Si fissarono ancora per qualche istante, poi la ragazza si strinse leggermente nelle spalle. Non aveva tempo da perdere.
- Ti saluto, io vado a casa, ti consiglio di non comportarti in modo troppo furtivo, potresti essere scambiato davvero per qualche Auror indesiderato!- gli disse e si gettò il mantello sulle spalle, voltandosi pronta a smaterializzarsi.
- Aspetta…- la bloccò lui, allungando un braccio e afferrandola per il polso.
- Cosa vuoi?- gli chiese con un mezzo sorriso, voltandosi a guardarlo.
Ora erano molto vicini e lui era serio in volto.
- Non penserai veramente di sposare quel buono a nulla di Rodolphus, vero?- le chiese, fissandola intensamente – Nessuno ti obbliga, lo sai, vero? Sei maggiorenne, non è da te piegarti al volere di tuo padre e nessuno può costringerti a fare qualcosa se non vuoi, io lo so bene…-
Ora nella sua voce c’erano calore e ammirazione.
- Credi di conoscermi veramente…?- gli rispose – Mi dici di non sposare Lestrange e, secondo te, cosa dovrei fare io, una volta ripudiata dalla mia famiglia?-
- Potresti accettare l’ospitalità di un amico…- le sussurrò Evan, con voce suadente – Sai che farei qualsiasi cosa per te!-
Lei si lasciò abbracciare senza opporre resistenza e il ragazzo tuffò il viso nei suoi capelli, tenendola stretta a sé.

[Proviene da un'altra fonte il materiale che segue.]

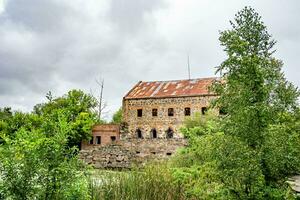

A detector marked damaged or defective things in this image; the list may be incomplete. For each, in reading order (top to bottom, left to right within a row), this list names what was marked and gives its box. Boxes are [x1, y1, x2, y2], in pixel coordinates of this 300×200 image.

-Mi dispiace…- gli sussurrò all'orecchio, restando passiva tra le sue braccia -…Ma, sinceramente, preferisco essere la moglie di Rodolphus Lestrange che l’amante di Evan Rosier! Sono ben altre le braccia che io desidero…- e si smaterializzò.
Evan si ritrovò solo, nell’atrio, a stringere l’aria fredda di una casa abbandonata. Lasciò ricadere le braccia e rimase li per parecchi minuti, con nelle narici il profumo intenso della giovane donna.

 

Bellatrix si materializzò a Londra e rientrò in casa senza che nessuno si accorgesse di nulla, come era accaduto innumerevoli volte.
Giunta nell’ingresso si fermò, osservando quella casa che per lei non aveva alcun valore e che avrebbe lasciato tra poche ore.
Poi si diresse verso le scale, pronta a rientrare in camera.
Tuttavia, qualcosa la bloccò.
Nel corridoio semibuio della casa sentì dentro di sé la voce di Aloise Alderman che declamava la maledizione diretta a lei.
Per te, donna bruna dalla pelle dorata…per te: né amore, né lode, né frutto nel tuo grembo, arida come il ramo secco di una pianta morta…nulla di ciò che desideri otterrai e tutto ti verrà tolto. Colui che avrai la sventura di amare, la tua mente, la tua libertà…. tutto perderai….incarcerata e senza speranza…
Cambiò direzione ai propri passi e si avviò verso la porta della camera di sua madre.
Sospirò piano e, dopo un attimo di incertezza, bussò.